Peter: What, from the army?
Chris: No, it's a euphemism.
Peter: Oh, yucky.

Brian: Hey, let's keep this party rolling. I'll go get us another badly scratched pitcher of soda.
[Brian leaves]
Olivia: Ugh, finally, he's doing something useful.
Stewie: What? What do you mean?
Olivia: Nothing, it's just, you write all the songs, you've got a better voice, you've got the sweet bod.
Stewie: Oh my God, babe.
Olivia: Plus, you've got all the cool catchphrases like "Damn you all" and "What the dude" or whatever.
Stewie: Uh, it's ... it's "Deuce", uh but yeah ... yeah ... yeah you're right. I ... I do. Does it sound through the mic like I'm saying "Dude?" Should it be "Dude?"

Quagmire: You know, you're doing a great job, Chris. Why don't you jerk the rest of the day off?

Olivia: The clock is ticking on Stewie's cuteness.
Brian: Huh. Well, I guess you're right. I mean, I wouldn't be surprised if he end up looking like an exact mash-up of Lois and Peter.
[Cutaway to Stewie as an adult, looking like both Lois and Peter]
Stewie: Heh heh heh heh heh heh, groceries.

Stewie: Fine, go ahead! It's not going to be the same! Like Cheers wasn't the same when they brought in Kirstie Alley!
[Cutaway to an episode of Cheers, where "Norm" walks into the bar]
Crew: Norm!
Rebecca: No, I'm ... I'm Rebecca.

Peter: Meg, do you know how to use Microsoft Excel?
Meg: Yeah, I'm actually pretty good.
Peter: Yeah, you would, dork!
[Meg leaves the table in anger]
Peter: But, I do need to make that spread sheet or I'm fired.

Lois: Oh my God! Peter, our dishwasher is full of sex toys!
Peter: Oh, yeah. Chris put those in there. It's for his job. He's working for Quagmire now.
Lois: He's washing sextoys for Quagmire?
Peter: Not just that, he also takes pictures of Quagmire's genitals and to track sore growth. So brace yourself when you open iphoto. It's on the Griffin family account.
Lois: Peter, my parents have access to that.
[Cutaway to Carter on the Griffin Family website]
Carter: What's wrong with this worm?

Lois: That's it. I'm calling Quagmire right now and putting an end to this.
[Lois calls up Quagmire on the phone]
Chris: You have reached Glenn Quagmire. Neither he nor his assistant is available. To schedule a liaison, press one. To cancel a liaison, press two. If you're calling to report a pregnancy, please fill out our online form, and we will mail you a check for $180. Thank you, a have a giggity day. [Beep]
Lois: Chris, this is your mother. Get these dildos out of the dishwasher.

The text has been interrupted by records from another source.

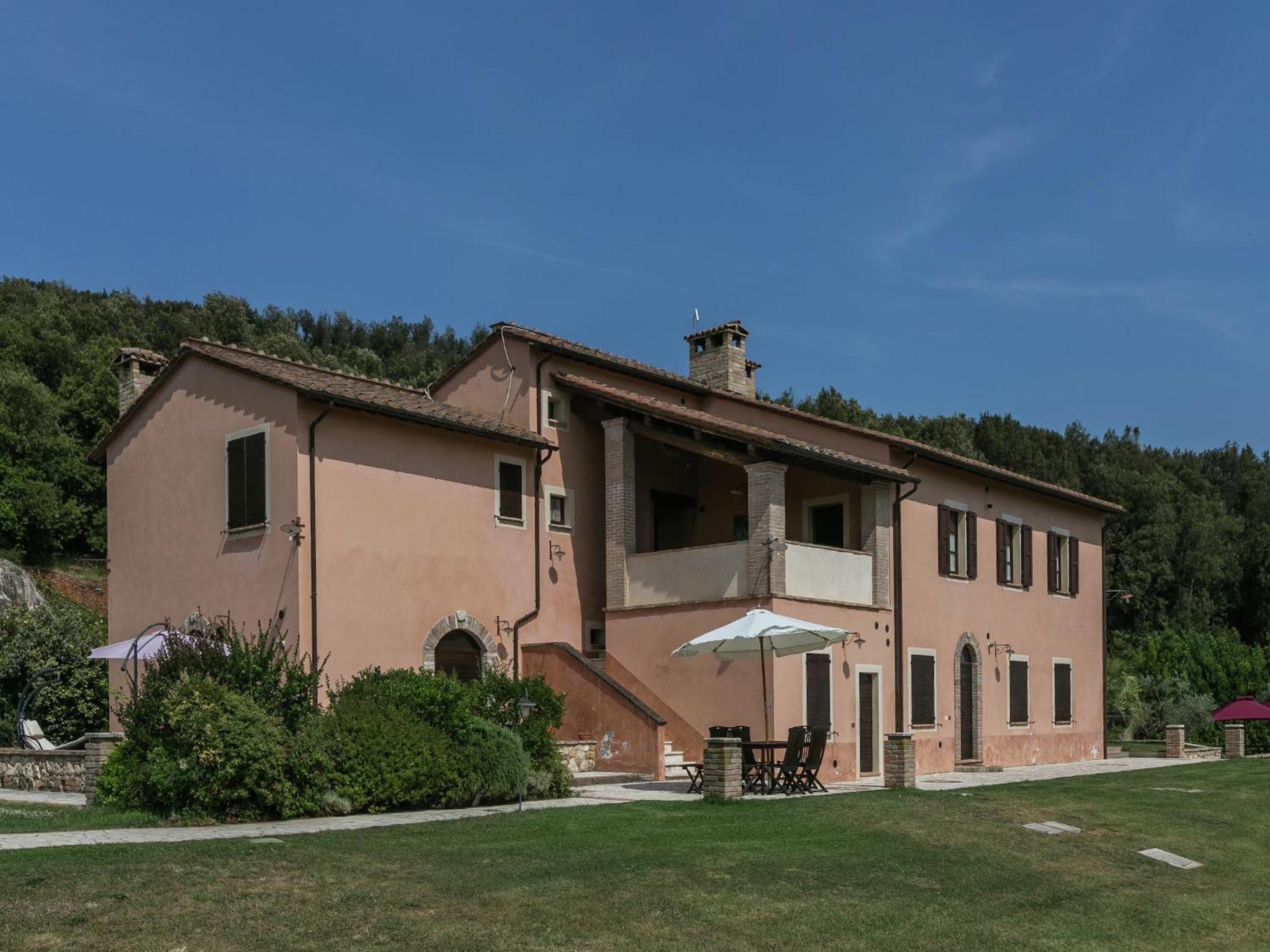 Elegant Apartment Only 1 Hour From Rome Narni Exterior foto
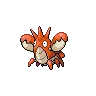 Corphish
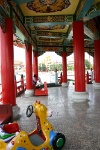 IMG 0618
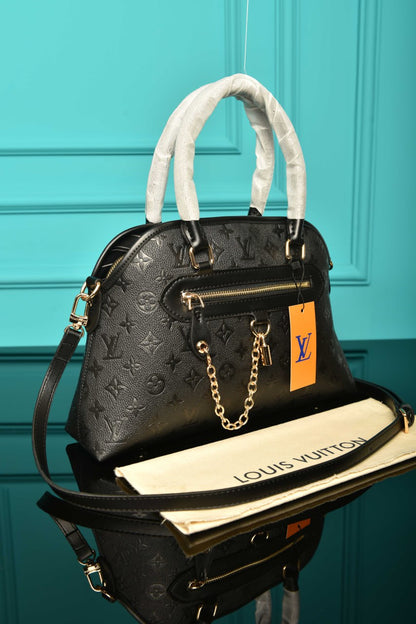 L - Ever More Bag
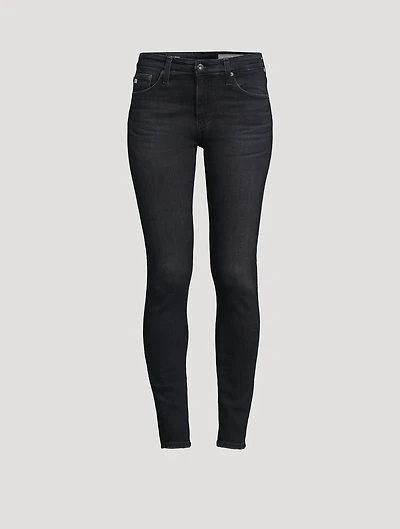 Farrah Skinny Jeans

[Mort is dressed in a S&M horse costume]
Mort: Well, that's what I got for horsing around.
[Peter tries to hit a baseball with a bat, but misses]
Peter: Ah, your joke wasn't funny enough.

Stewie: Hey, I wonder if she's gonna keep the band going.
Brian: Probably. She told me she was just gonna replace me with another dog.
Stewie: Yes, but who?
Brian: I don't know. Probably some dog neither you or I have ever met.
[Cutaway to Olivia in the band with Vinny]
Vinny: Alright, listen up you little pieces of garbage. This song is about getting heart-burn from baked clams and other kid stuff.